Native Hawaiians living in the “vacation paradise” are caught between the state’s two major industries, the U.S. military and tourism. Through DeTours, they challenge both by showing tourists Hawaii from their perspective.
When most people think of Hawaii, images of hula dancers, surfers, and honeymoons might come to mind. That is, to settlers. To the roughly 156,000 Kānaka Maoli, or Native Hawaiians, who are greatly outnumbered by migrants, settlers, and their descendants, aloha means something completely different. As haole, or outsiders, we have to ask ourselves why our popular imagination of a Hawaiian paradise rarely considers the reality of its original inhabitants, and what processes took place to enable such a mass tourist presence to propagate there. In 2015 Hawaii received 8.6 million arrivals, most of them Americans from the lower 48, who spent $15 billion that year alone. None of them need look further than the state’s other major industry—the U.S. military—to begin to understand that process.
“Hawaii is captured by the twin forces of militarism and tourism,” Kyle Kajihiro, who is an activist and himself a fourth-generation migrant of Japanese ancestry, recently told me over email. Along with Native Hawaiian Terry Keko‘olani, he leads demilitarized tours, or DeTours, to historic points of U.S. intervention on the islands, drawing attention to its role in overthrowing the kingdom over a century ago, and its use of the islands as a strategic linchpin “to extend American empire across the Pacific.”
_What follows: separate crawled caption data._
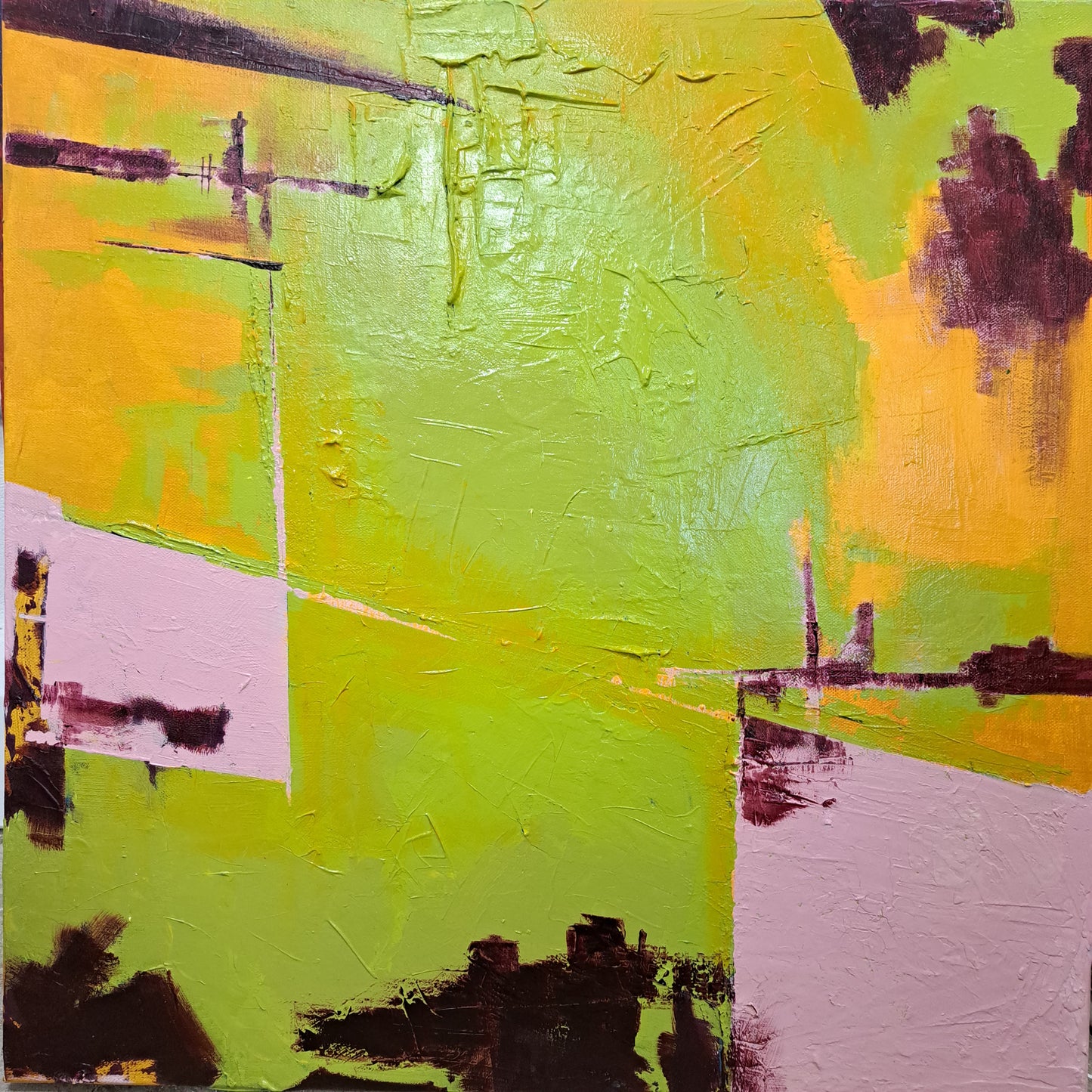 The other side of summer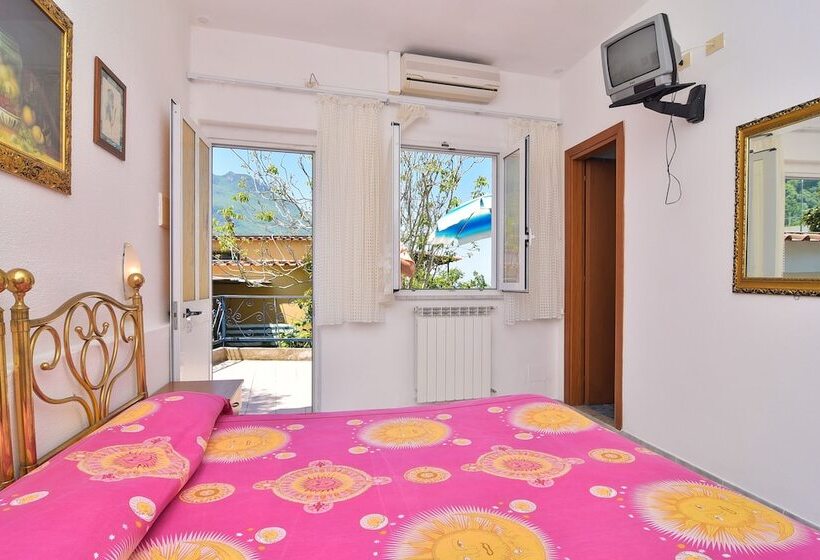 호텔 Villa Fiorentina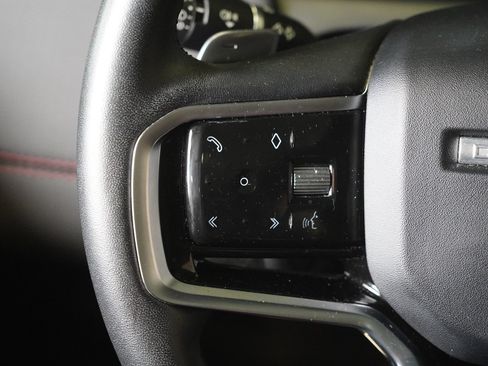 Used 2023 Land Rover Discovery Sport SE R-Dynamic AWD/4WD image 16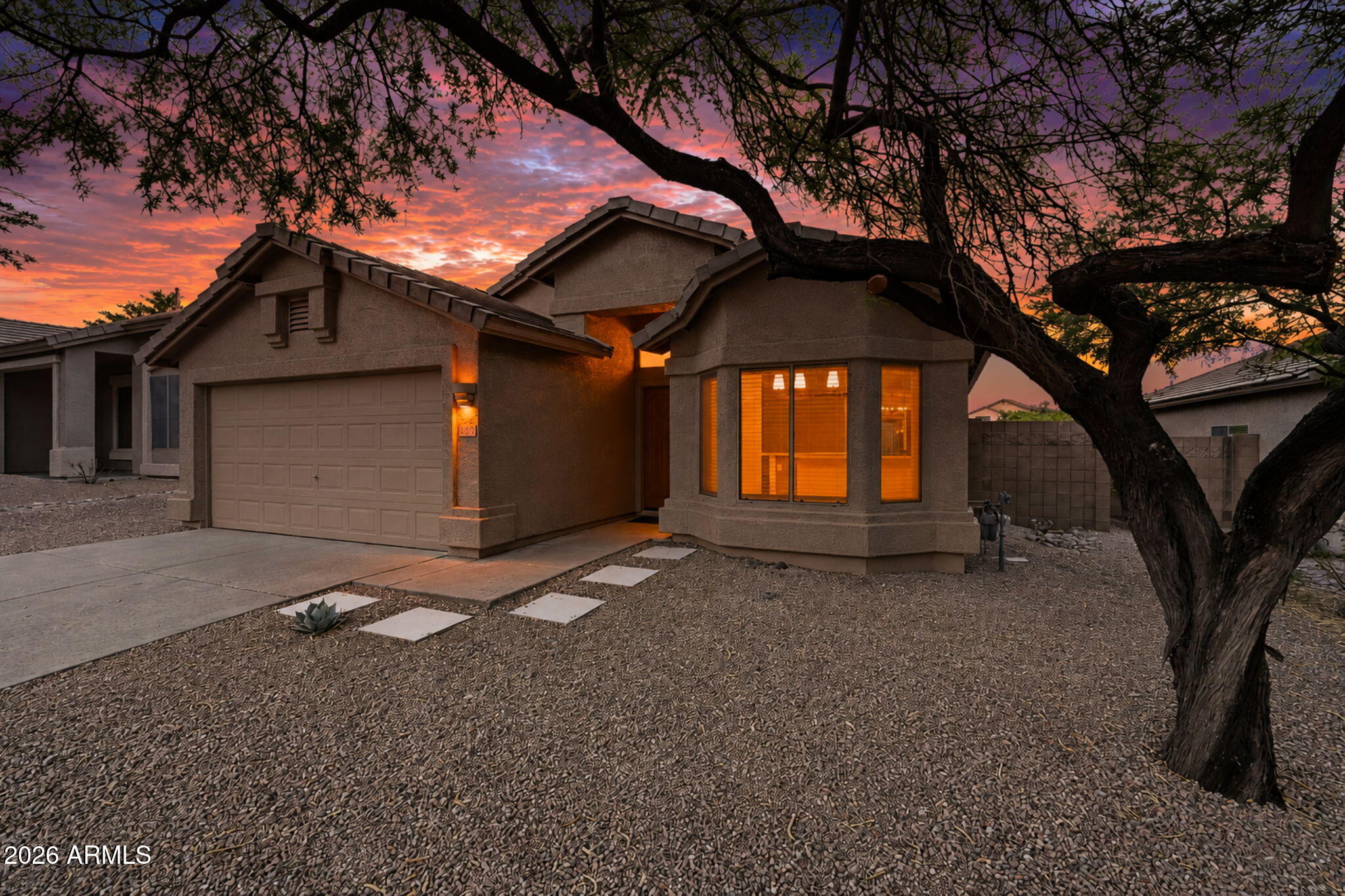 2409 N ADAIR --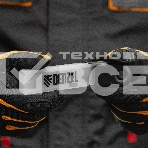 Лезвия Denzel 25 мм, сталь SK5 - 0,7 мм, 5 шт., фото6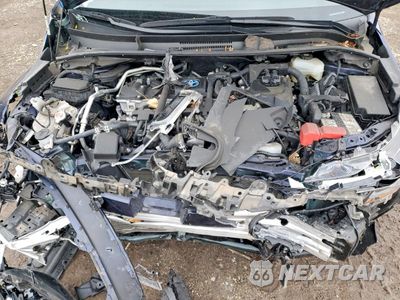 Zdjęcie 11 z 13 samochodu: 2022 TOYOTA COROLLA LE VIN:JTDEAMDE0NJ051726 - miniatura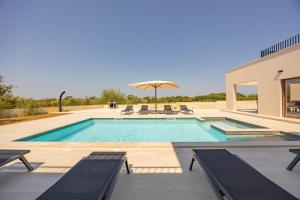 Villa Cvita by AdriaticLuxuryVillas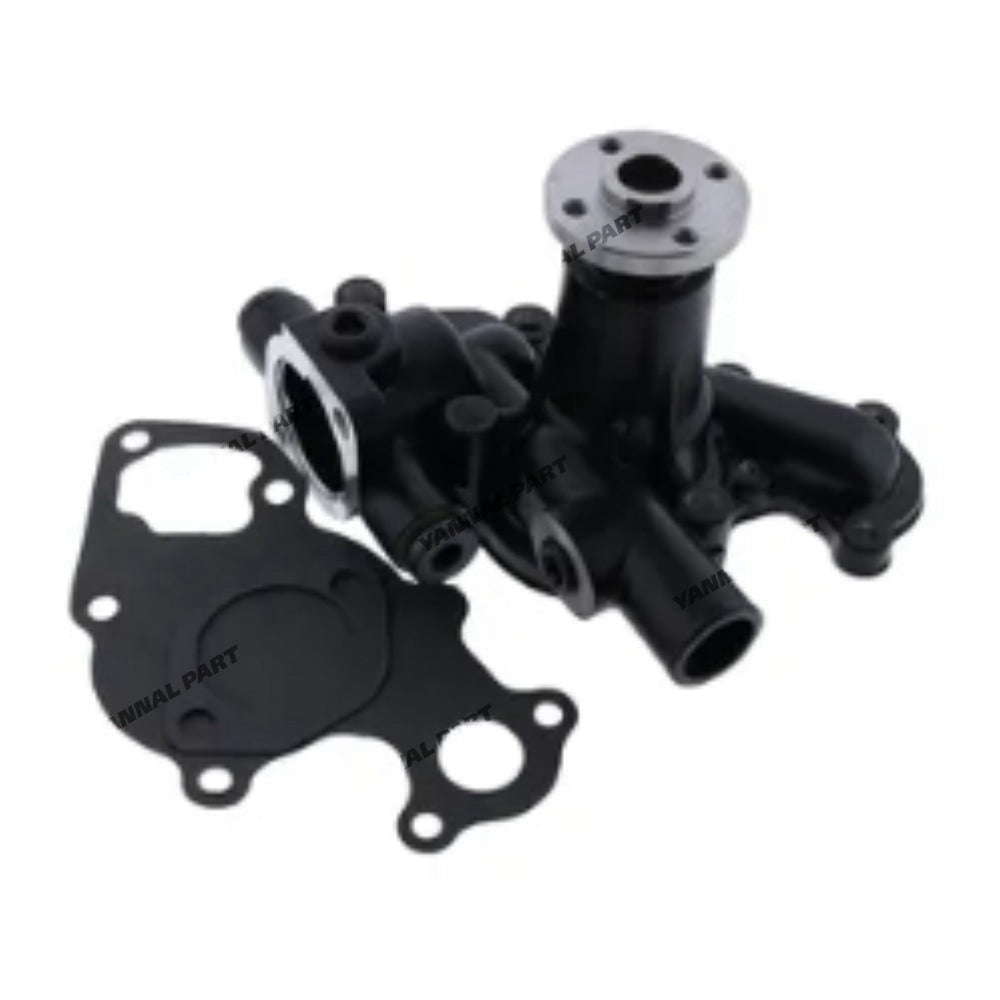Water Pump 6636513 Fit For Bobcat Mini Excavator 76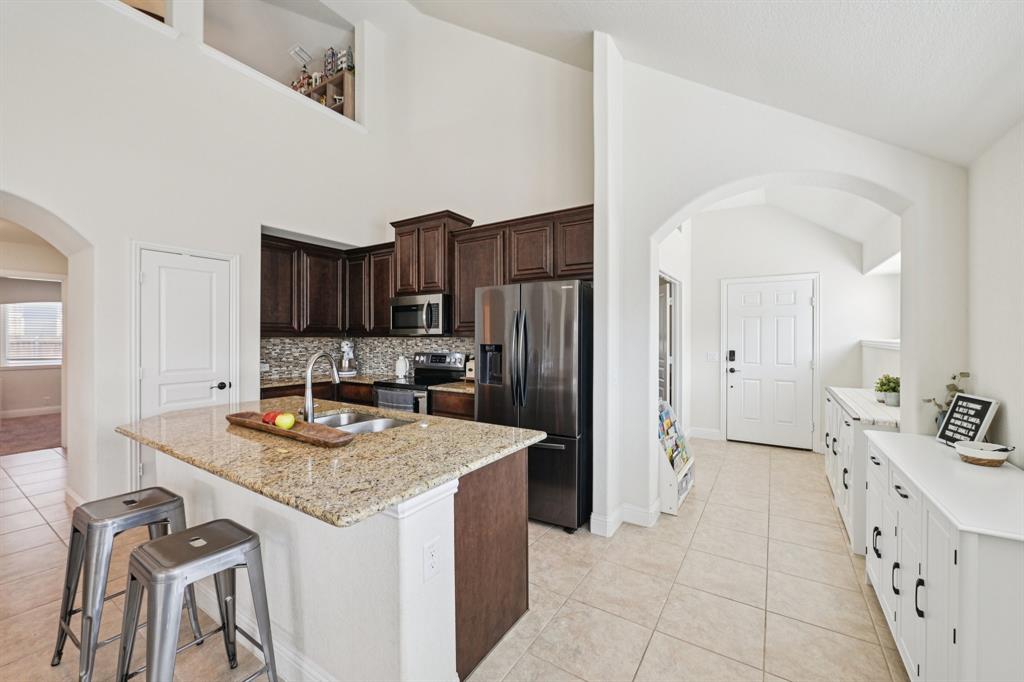 Maplewood - Residential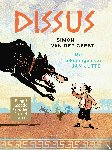 Geest, Simon van der - Dissus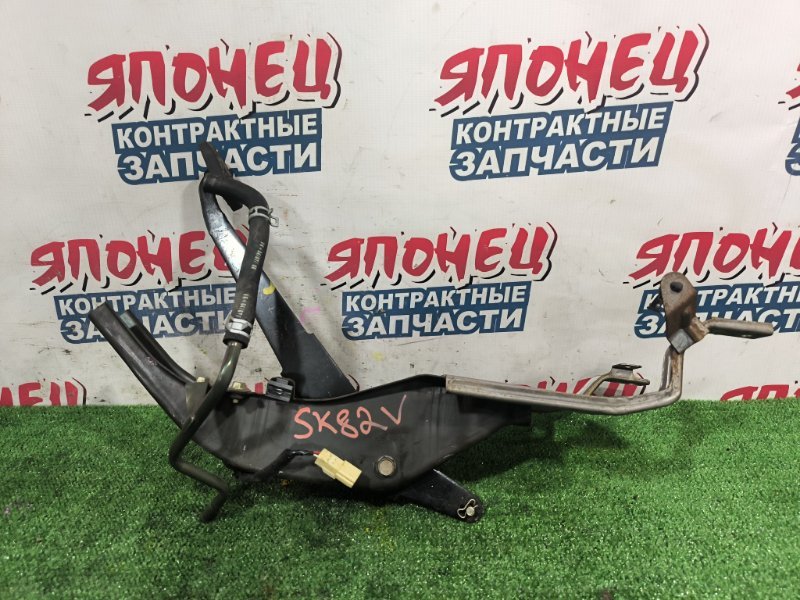 Педаль тормоза MAZDA BONGO SK82V F8 (б/у)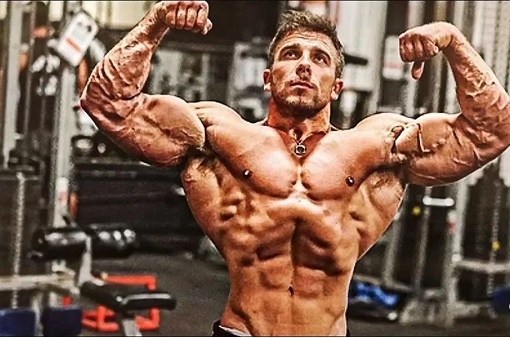 新手一个月增肌训练计划,增肌的最佳训练计划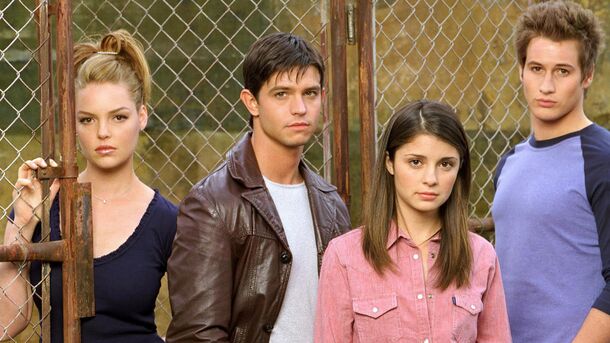 The 10 Best Shows To Watch if You Like Dawson's Creek, Ranked - image 6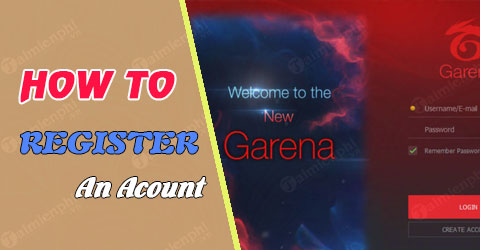 dang ky garena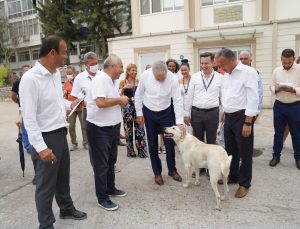 EÜ “Araştırma Üniversitesi” etiketiyle yeni döneme hazır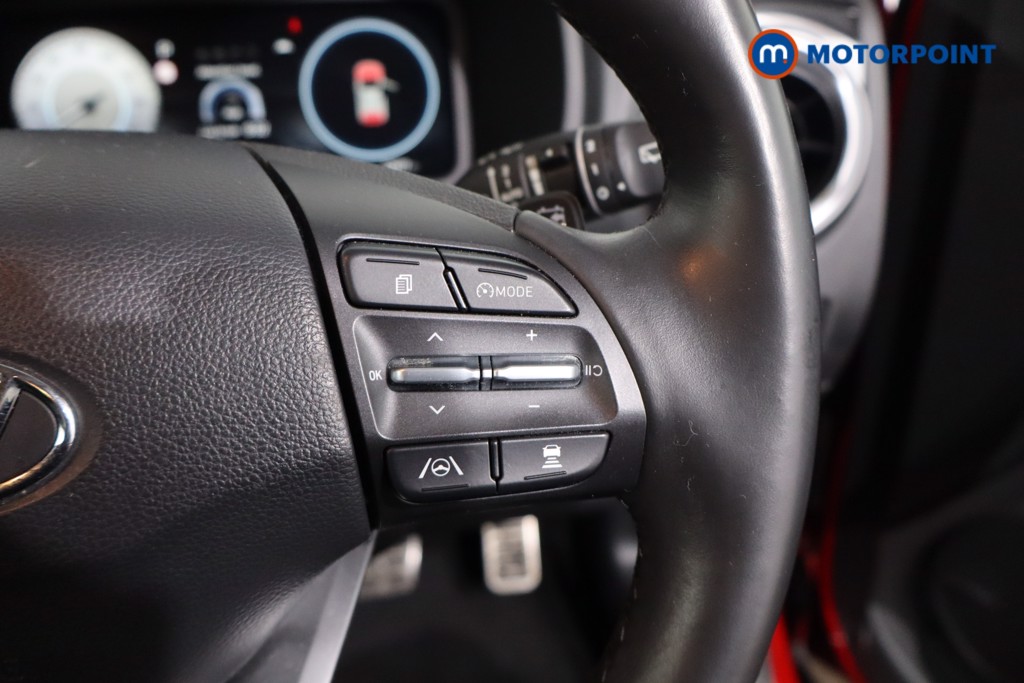 Hyundai Kona Premium Automatic Electric SUV - Stock Number (1630675) - 8th supplementary image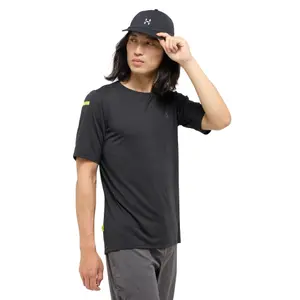 T-shirt Haglöfs L.I.M Ridge image-2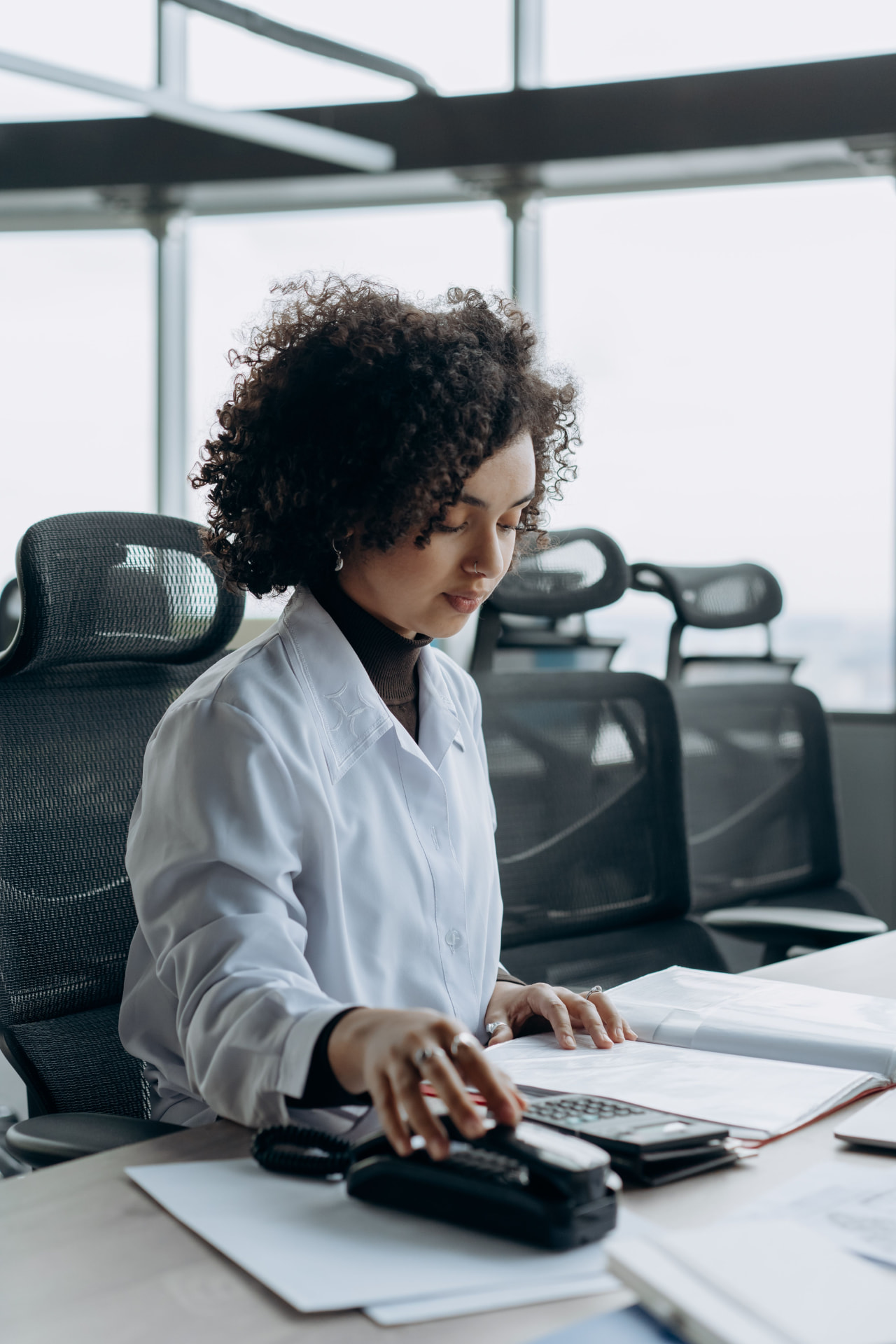 Certified medical coder working in the Cannixus coding team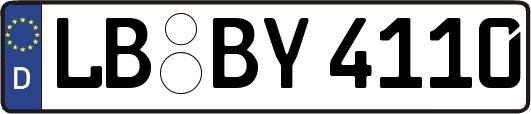 LB-BY4110
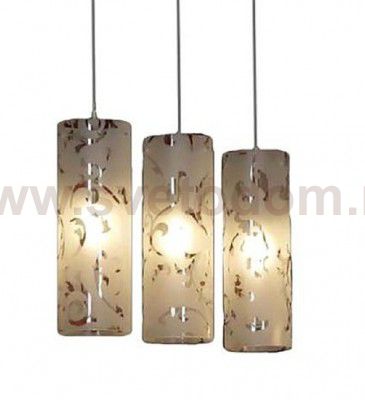 Светильник подвесной Lussole LSX-7206-03 TRASACCO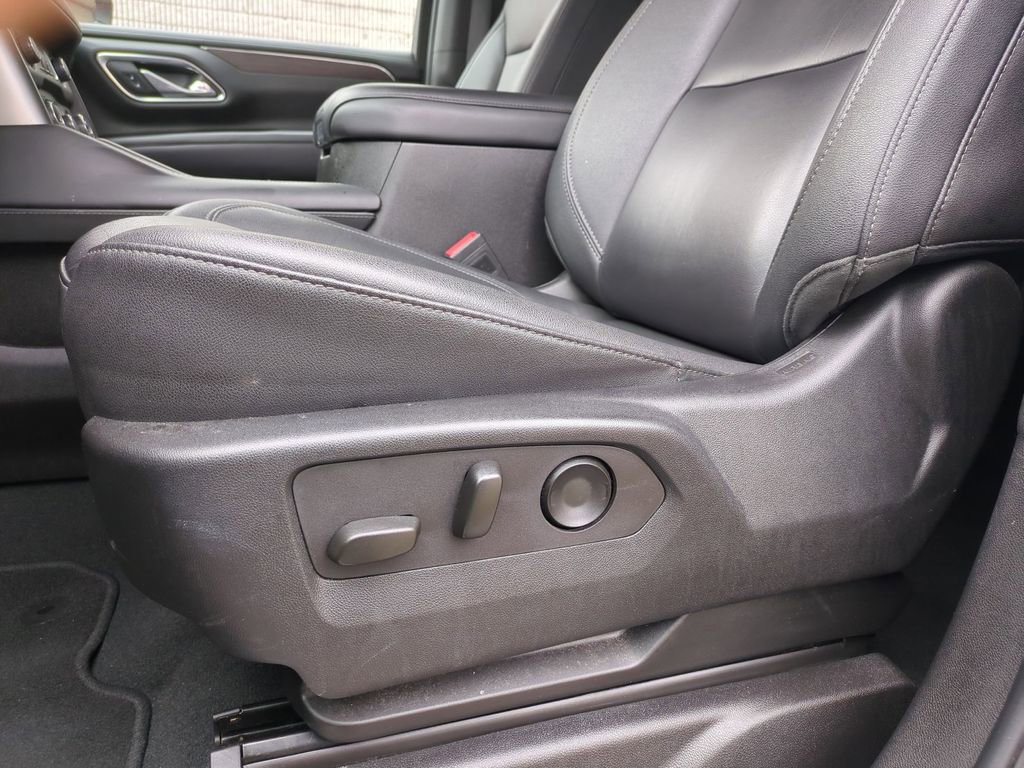 Used 2024 Chevrolet Tahoe LT image 14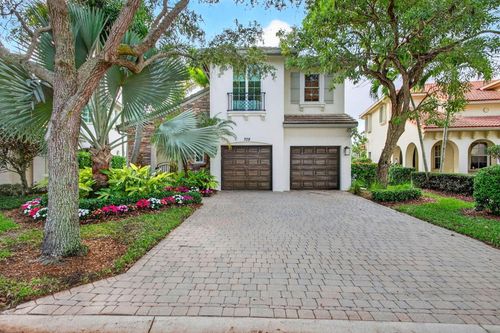 709 Bocce Ct, Palm Beach Gardens, FL, 33410-1530 | Card Image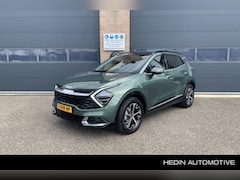 Kia Sportage - 1.6 T-GDi Hybrid DynamicPlusLine | Schuif/Open Dak | Adapt. Cruise Control | Elek. Achterk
Considering the perception of Hawaii as a playground and outpost of a foreign power, it’s only fitting that Hawaiians are using the forums of tours and travel guides to bring attention to the military presence there, often obfuscated by the lure of leisure.
“The tourism industry provides the mask to conceal the violence of this arrangement and naturalize its presence,” said Kajihiro. After statehood was secured in 1959, Hawaii’s economy went from being dominated by sugar plantations and the military to tourism and the military. “Militarization is everywhere in Hawaii, and yet it is hidden in plain sight,” he said, referring to the 80,000 active duty and civilian personnel serving every branch of the U.S. military on 11 bases spread across every county in Hawaii, costing the state $7.8 billion in 2015 alone, according to the Hawaii Defense Economy project. It is the second most powerful industry on the islands, with tourism leading the way.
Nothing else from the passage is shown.